- DIRECTIONS: Look in the listing below for the line that has "LCSD 2022 SPIDER-MAN #2 MOBILI VAR", then return it and each following line up to and including the one with "Audi A3 35 TDI S tronic line edition", exactly and without pictures.

Segment Start: RECORDS PROVIDED

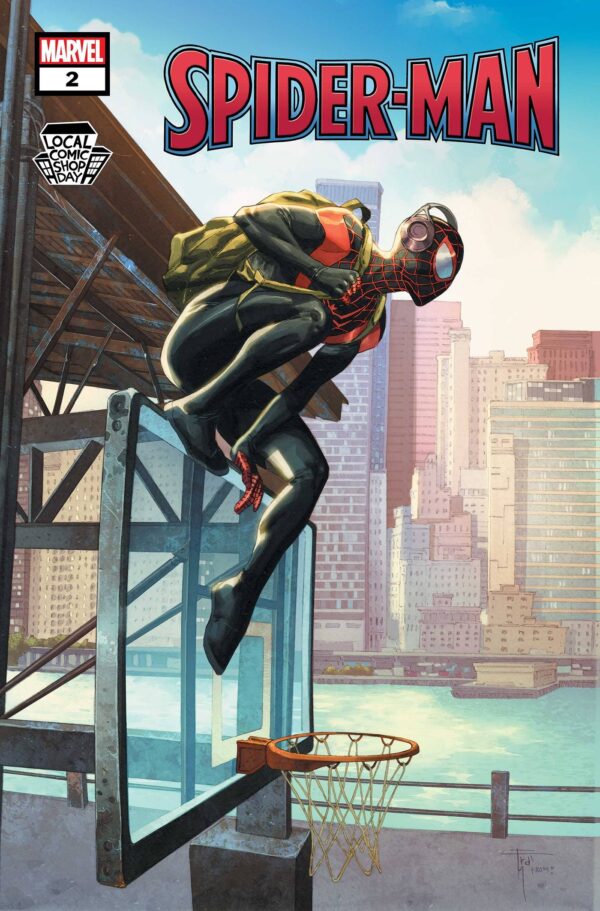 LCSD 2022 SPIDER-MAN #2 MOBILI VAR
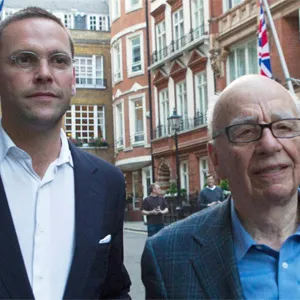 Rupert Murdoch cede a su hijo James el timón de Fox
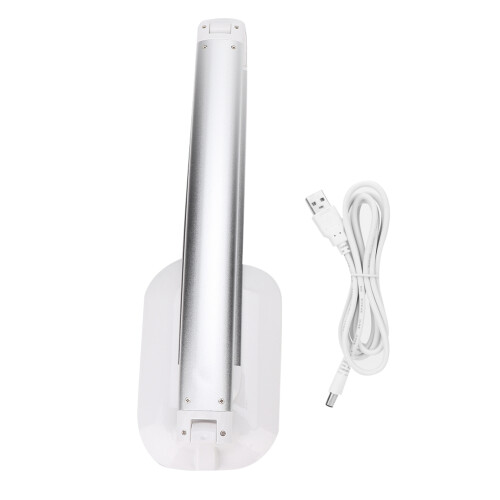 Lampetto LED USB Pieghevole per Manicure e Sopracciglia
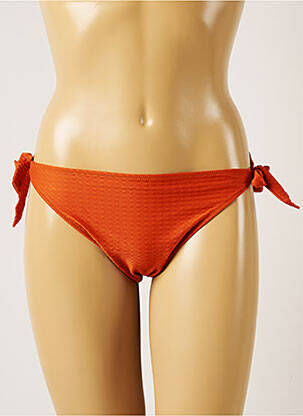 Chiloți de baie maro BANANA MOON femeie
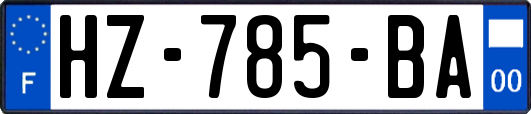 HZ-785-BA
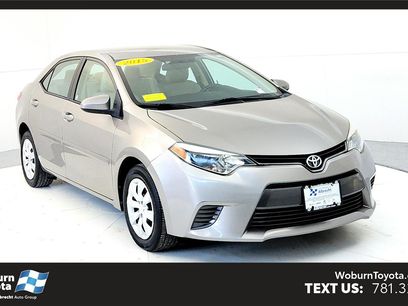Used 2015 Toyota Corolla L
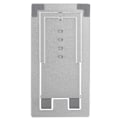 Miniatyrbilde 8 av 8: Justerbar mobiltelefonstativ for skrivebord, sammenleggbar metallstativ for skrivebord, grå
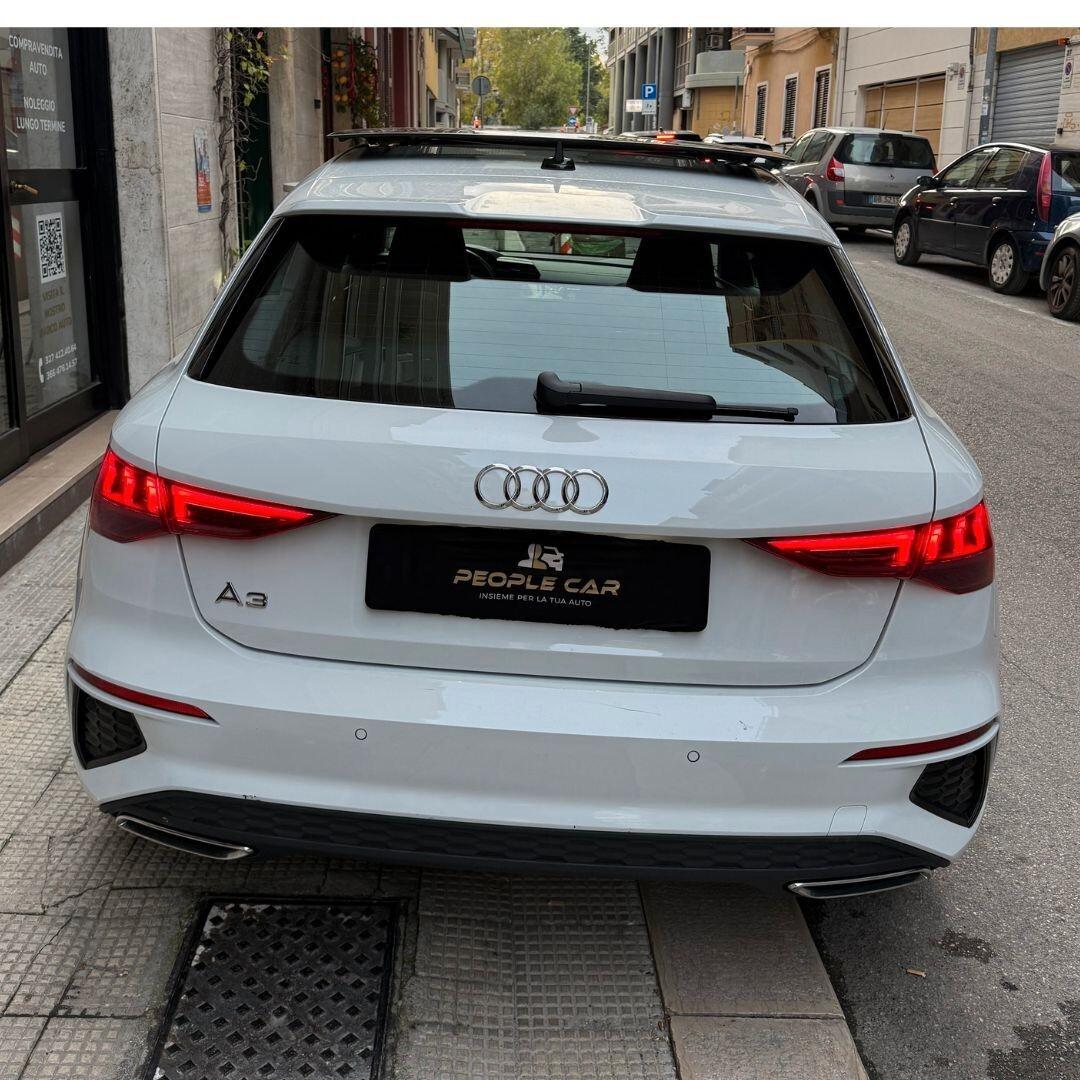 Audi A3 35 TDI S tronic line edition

Segment End: RECORDS PROVIDED
Segment Start: RECORDS PROVIDED

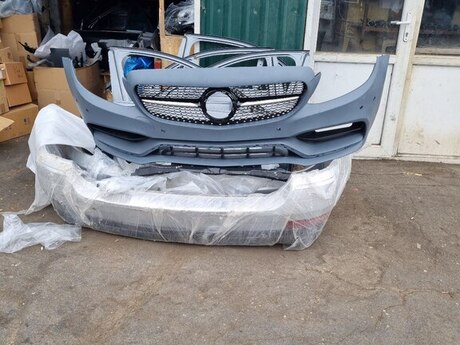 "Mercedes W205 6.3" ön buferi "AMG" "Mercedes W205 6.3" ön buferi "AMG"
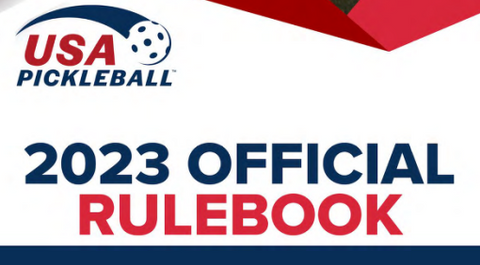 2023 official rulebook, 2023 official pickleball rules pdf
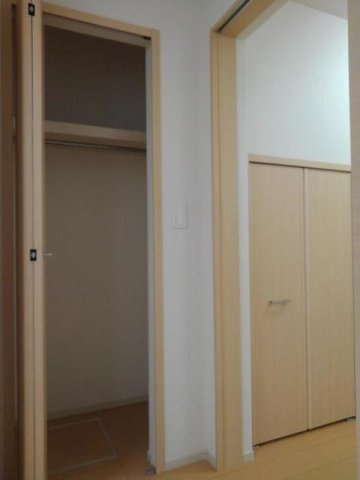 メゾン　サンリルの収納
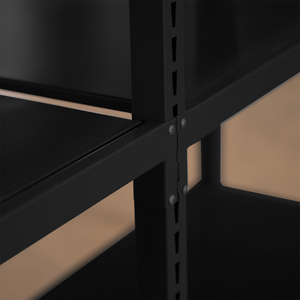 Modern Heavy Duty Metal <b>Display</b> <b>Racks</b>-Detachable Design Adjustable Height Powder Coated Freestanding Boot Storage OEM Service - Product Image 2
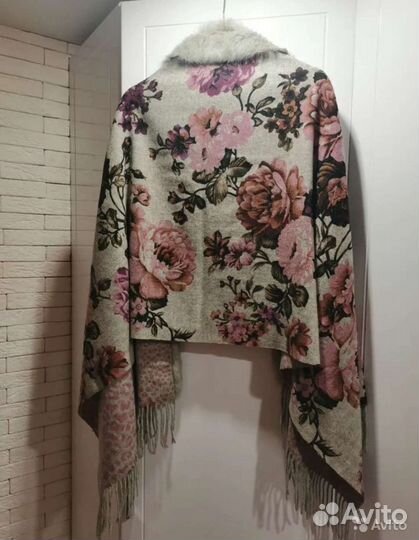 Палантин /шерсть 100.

Segment End: RECORDS PROVIDED
Segment Start: RECORDS PROVIDED

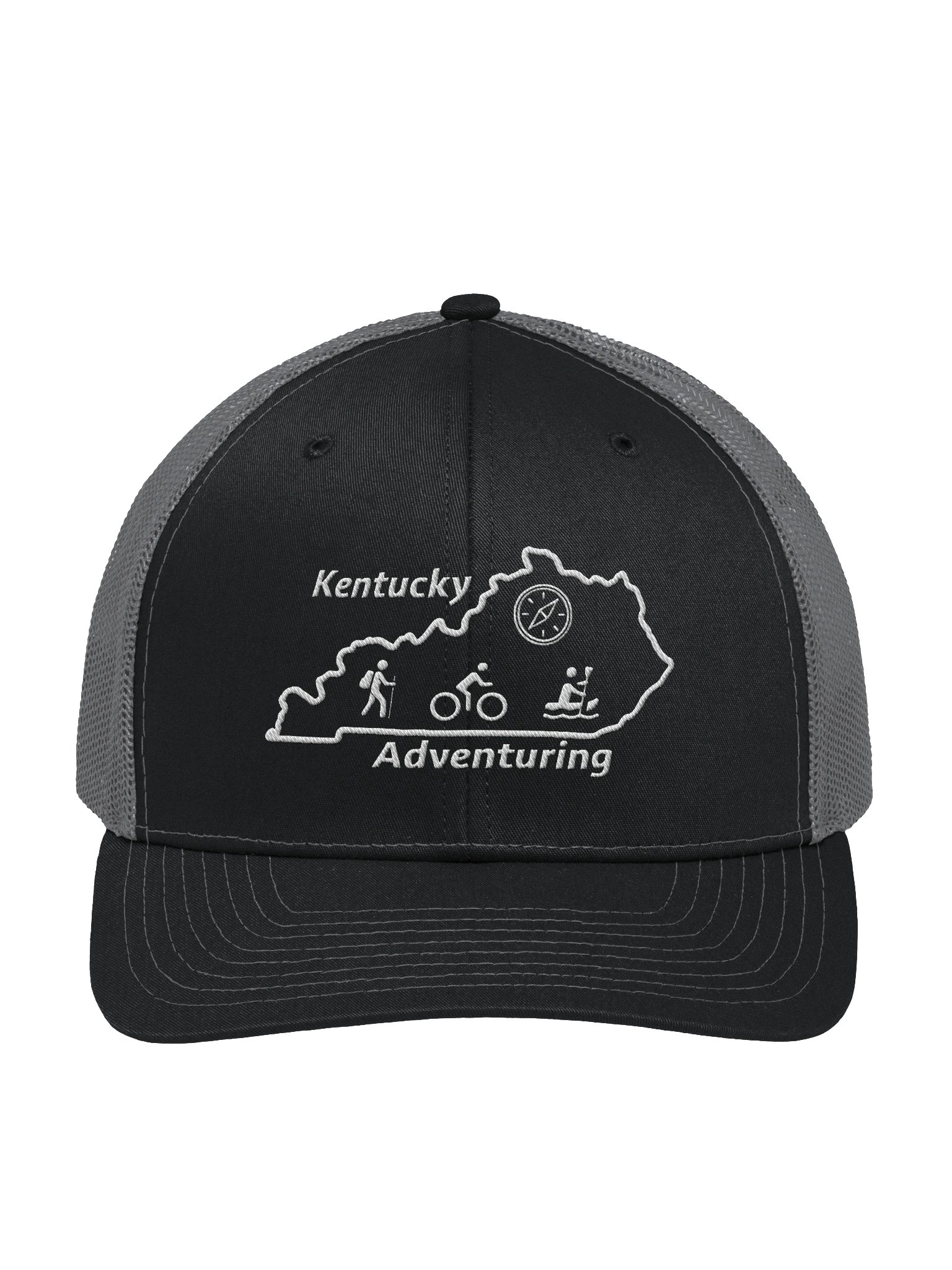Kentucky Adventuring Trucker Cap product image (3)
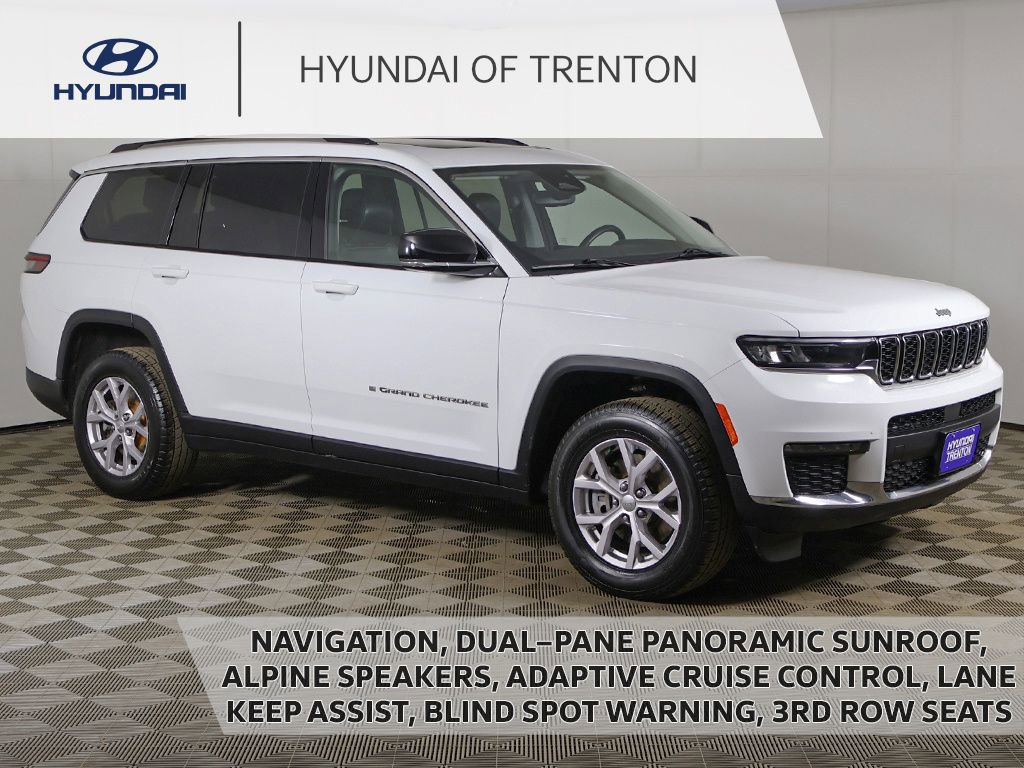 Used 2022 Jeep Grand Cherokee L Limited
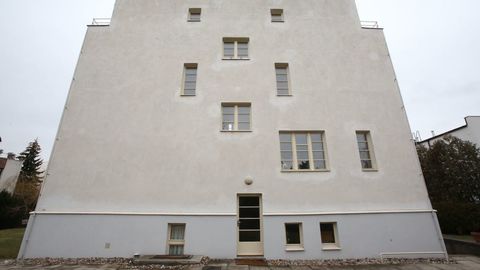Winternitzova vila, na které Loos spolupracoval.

Segment End: RECORDS PROVIDED

- ANSWER TO THE PROBLEM:
 LCSD 2022 SPIDER-MAN #2 MOBILI VAR
 Rupert Murdoch cede a su hijo James el timón de Fox
 Lampetto LED USB Pieghevole per Manicure e Sopracciglia
 Chiloți de baie maro BANANA MOON femeie
 HZ-785-BA
Used 2015 Toyota Corolla L
 Miniatyrbilde 8 av 8: Justerbar mobiltelefonstativ for skrivebord, sammenleggbar metallstativ for skrivebord, grå
 Audi A3 35 TDI S tronic line edition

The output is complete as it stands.